Estimativas infladas e controvérsias recorrentes
Não é a primeira vez que números elevados geram controvérsia no Rio. Em 2025, um show de Lady Gaga em Copacabana foi anunciado pela prefeitura como tendo reunido 2,1 milhões de pessoas. No entanto, análises independentes apontaram que o público real poderia estar entre 600 mil e 660 mil — uma diferença significativa.
Casos semelhantes ocorrem há décadas, tanto no Brasil quanto no exterior. Em eventos políticos, por exemplo, divergências entre organizadores e autoridades são comuns, com diferenças que chegam a centenas de milhares de pessoas.
Especialistas afirmam que essa discrepância muitas vezes ocorre por falta de metodologia rigorosa. “As pessoas são muito ruins em estimar multidões apenas olhando”, explica o pesquisador Márcio Moretto, da USP.
Como se calcula o tamanho de uma multidão
Hoje, o método mais utilizado é baseado em um cálculo relativamente simples: medir a área ocupada e multiplicar pela densidade de pessoas por metro quadrado. Essa técnica, conhecida como método de Jacobs, é amplamente aplicada em estudos e análises jornalísticas.
A densidade considerada segura gira em torno de 3 a 5 pessoas por metro quadrado. Acima de 4,5, já há risco para a segurança do público. Em situações extremas, como metrôs lotados, esse número pode chegar a 9 pessoas por metro quadrado — um cenário considerado crítico.
Aplicando esses parâmetros à extensão de Copacabana, especialistas afirmam que seria difícil atingir números na casa dos milhões. Algumas estimativas apontam que o limite mais plausível estaria abaixo de 800 mil pessoas.
Infraestrutura também levanta dúvidas
Outro ponto levantado por pesquisadores é a capacidade da cidade de suportar multidões tão grandes. Indicadores como transporte público, quantidade de banheiros químicos e volume de lixo gerado não condizem com eventos de milhões de participantes.

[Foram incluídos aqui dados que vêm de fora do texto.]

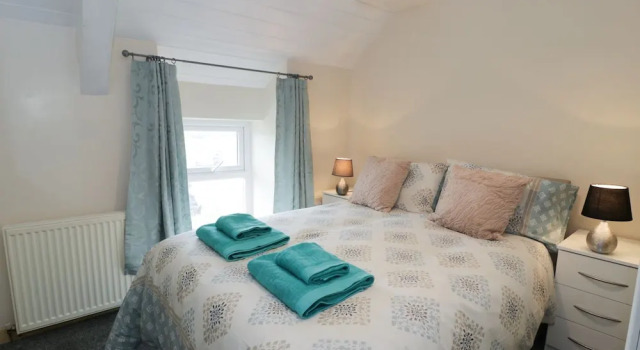 Tyn Rhos, Book Hotel Botwnnog Glamorgan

Para a professora de turismo Mariana Aldrigui, da USP, há uma tendência de inflar números por falta de questionamento. “Muitas vezes, ninguém duvida dessas estimativas, e isso acaba criando uma cultura de exagero”, afirma.

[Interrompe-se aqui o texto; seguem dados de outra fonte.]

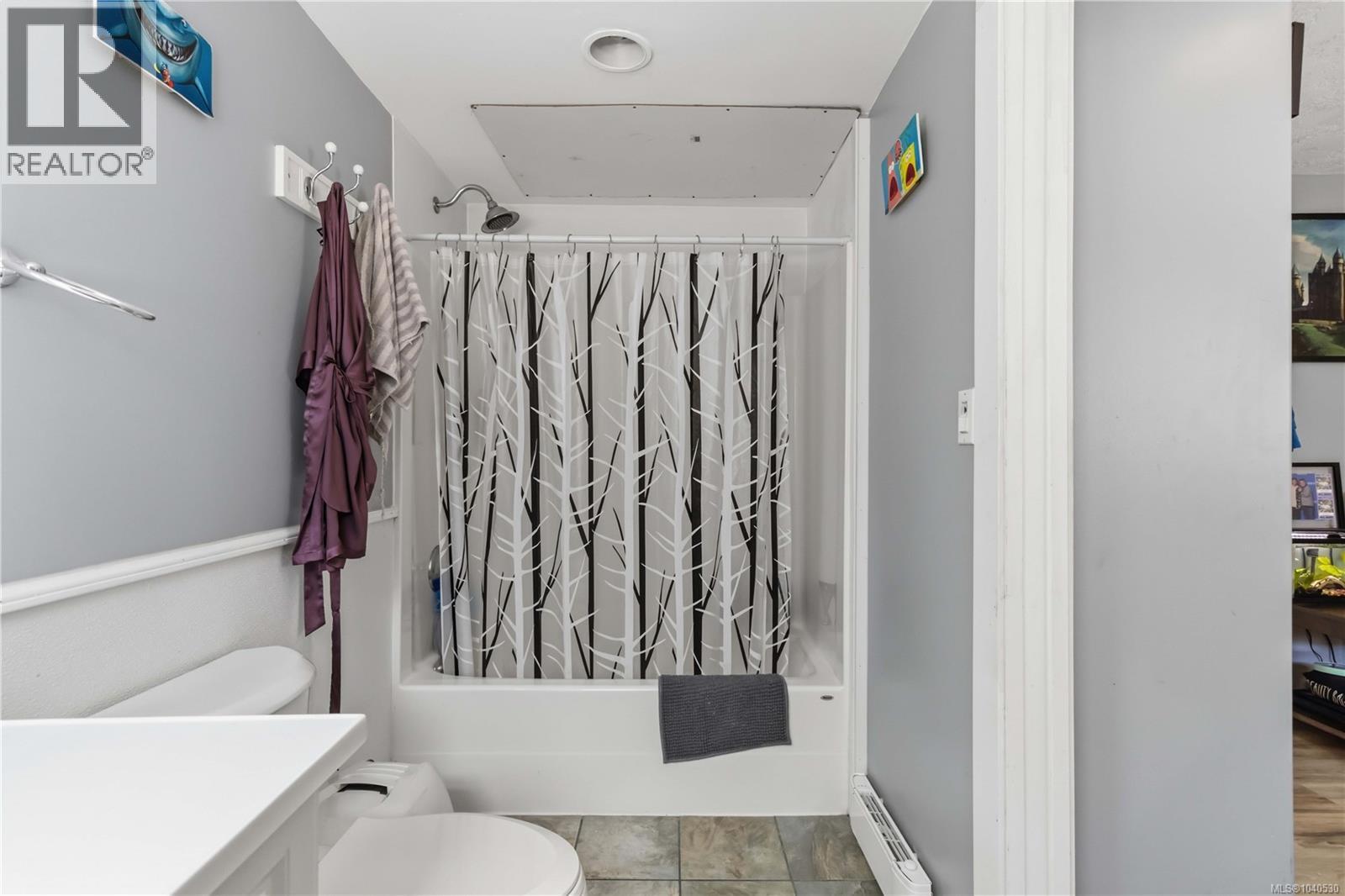 2594 Buckler Ave - 39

Tecnologia traz mais precisão — mas com limites
Nos últimos anos, novas tecnologias têm sido usadas para melhorar a contagem de público. Entre elas, o uso de drones com imagens aéreas e algoritmos de análise, além de dados de telefonia móvel para estimar quantas pessoas estão em determinada área.

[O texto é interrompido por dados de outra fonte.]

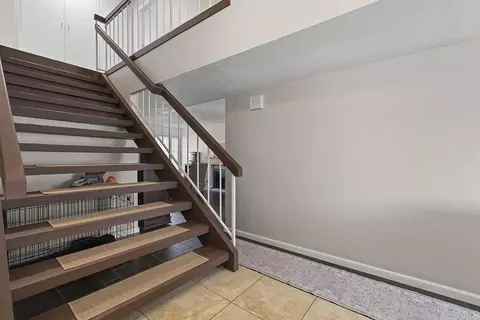 Entry Way - 756 Roca Rd, Chula Vista, CA 91910 photo 4 of 4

Apesar dos avanços, esses métodos também têm limitações, como dificuldade em medir fluxo de entrada e saída ou restrições de acesso a dados sensíveis.
Especialistas defendem que a combinação de diferentes técnicas pode aumentar a confiabilidade das estimativas.
Por que os números importam
Mais do que uma disputa simbólica, a precisão na contagem de público tem implicações práticas. Superestimar a capacidade de um espaço pode colocar vidas em risco, além de impactar diretamente o planejamento de segurança, transporte e infraestrutura.
Além disso, números inflados podem distorcer o debate público, especialmente em eventos políticos, onde o tamanho da multidão costuma ser usado como indicador de apoio popular.
Para pesquisadores, o mais importante não é alcançar um número exato, mas adotar métodos transparentes e consistentes ao longo do tempo. Isso permite comparações mais justas e decisões mais informadas.